Demnach ruft die GDL für Freitag zu bundesweiten befristeten Arbeitsniederlegungen im Personen- und Güterverkehr auf. Wie die GDL weiter mitteilt, sollen am Donnerstag weitere Einzelheiten wie Streikzeiten veröffentlicht werden.

Die Bahn kündigte unterdessen an,  streikende Lokführer aus den Dienstplänen zu nehmen und mit den übrigen einen eingeschränkten Fahrplan umsetzen. Ein erneutes Angebot an die GDL lehnt sie ab.

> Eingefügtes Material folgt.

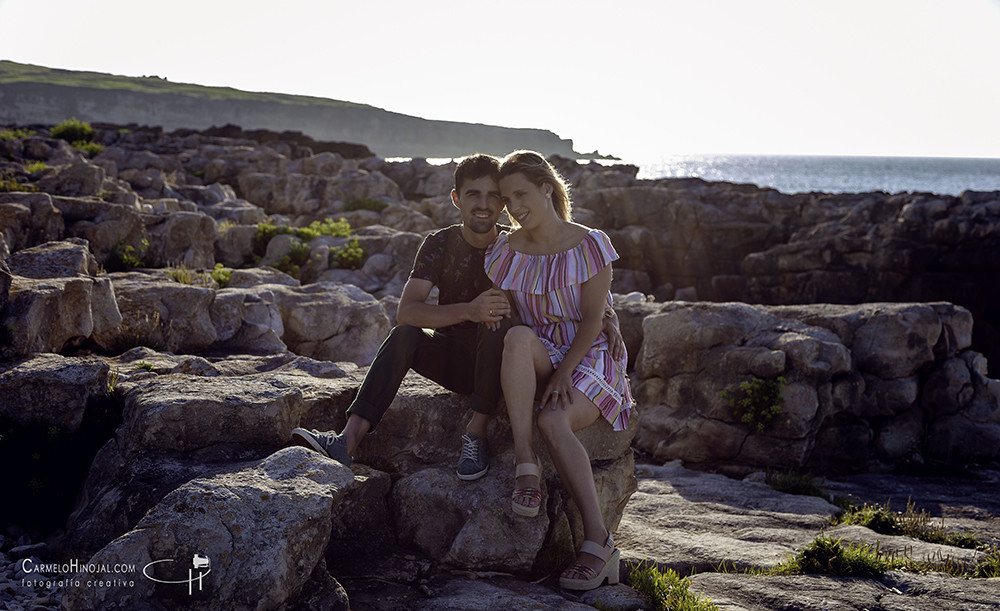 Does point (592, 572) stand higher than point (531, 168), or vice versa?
point (531, 168)

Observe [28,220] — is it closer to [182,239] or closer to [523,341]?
[182,239]

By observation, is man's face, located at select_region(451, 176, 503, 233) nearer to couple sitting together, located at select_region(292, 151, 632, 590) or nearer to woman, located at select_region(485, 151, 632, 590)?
couple sitting together, located at select_region(292, 151, 632, 590)

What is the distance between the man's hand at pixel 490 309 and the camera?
18.8 feet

Die GDL sieht in der Bahn den Schuldigen für das Scheitern der Tarifverhandlungen. Das Tarifangebot, das die Bahn der GDL in der vergangenen Woche unterbreitete, bezeichnete der Bundesvorsitzende der Gewerkschaft Deutscher Lokomotivführer (GDL), Manfred Schell als "Witz der Woche": "Der Arbeitgeber kann doch nicht im Ernst daran glauben, dass wir über ein Angebot verhandeln, das Entgelterhöhungen nur bei entsprechender Mehrarbeit vorsieht." So sollten Lokomotivführer neben der bereits mit den beiden anderen Bahngewerkschaften vereinbarten Entgelterhöhung von 4,5 Prozent für alle DB-Mitarbeiter pro Stunde Mehrarbeit eine weitere Entgeltsteigerung von 2,5 Prozent erhalten. "Die Lokführer schieben bereits heute aufgrund des immensen Personalmangels einen Überstundenberg vor sich her und arbeiten bis zur Erschöpfung. Mehr geht einfach nicht", so Schell weiter. 

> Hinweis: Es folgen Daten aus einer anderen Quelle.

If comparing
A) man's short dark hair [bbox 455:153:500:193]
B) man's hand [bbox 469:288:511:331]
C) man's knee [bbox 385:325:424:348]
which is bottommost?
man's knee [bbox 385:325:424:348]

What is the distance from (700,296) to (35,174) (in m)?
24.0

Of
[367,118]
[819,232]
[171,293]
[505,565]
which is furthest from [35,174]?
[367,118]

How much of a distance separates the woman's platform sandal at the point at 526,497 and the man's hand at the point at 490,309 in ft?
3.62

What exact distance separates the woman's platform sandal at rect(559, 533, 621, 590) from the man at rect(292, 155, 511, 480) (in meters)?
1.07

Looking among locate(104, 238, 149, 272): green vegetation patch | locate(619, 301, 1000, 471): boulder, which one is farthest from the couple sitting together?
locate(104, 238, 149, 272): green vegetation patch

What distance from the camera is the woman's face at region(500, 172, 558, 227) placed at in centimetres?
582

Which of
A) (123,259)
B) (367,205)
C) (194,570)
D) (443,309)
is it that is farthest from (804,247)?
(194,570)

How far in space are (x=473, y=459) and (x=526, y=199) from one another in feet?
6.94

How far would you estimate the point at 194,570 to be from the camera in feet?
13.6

Dazu sagte Margret Suckale, Vorstand Personal und Recht der Deutschen Bahn AG, heute vor Journalisten in Berlin: "Die GDL-Führung erstarrt in der Rolle des ständigen Neinsagers. Wir lassen uns mit Streiks nicht erpressen. Diese ständigen Drohungen verunsichern unsere Kunden und schaden unserem Unternehmen und dem gesamten Wirtschaftsstandort Deutschland. Das kostet uns Arbeitsplätze."

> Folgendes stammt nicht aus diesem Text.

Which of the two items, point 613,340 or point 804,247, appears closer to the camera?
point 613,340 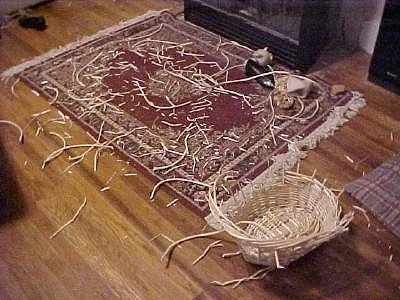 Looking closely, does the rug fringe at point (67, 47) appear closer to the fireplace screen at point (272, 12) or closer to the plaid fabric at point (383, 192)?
the fireplace screen at point (272, 12)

Die Deutsche Bahn habe der GDL angeboten, dass jeder Lokführer bis zu zehn Prozent mehr Geld verdienen kann. Auch ein Tarifvertrag für Lokführer sei möglich, wenn die GDL mit den anderen Gewerkschaften kooperiere, denn mehrere tausend Lokführer sind auch in den Gewerkschaften Transnet und GDBA vertreten.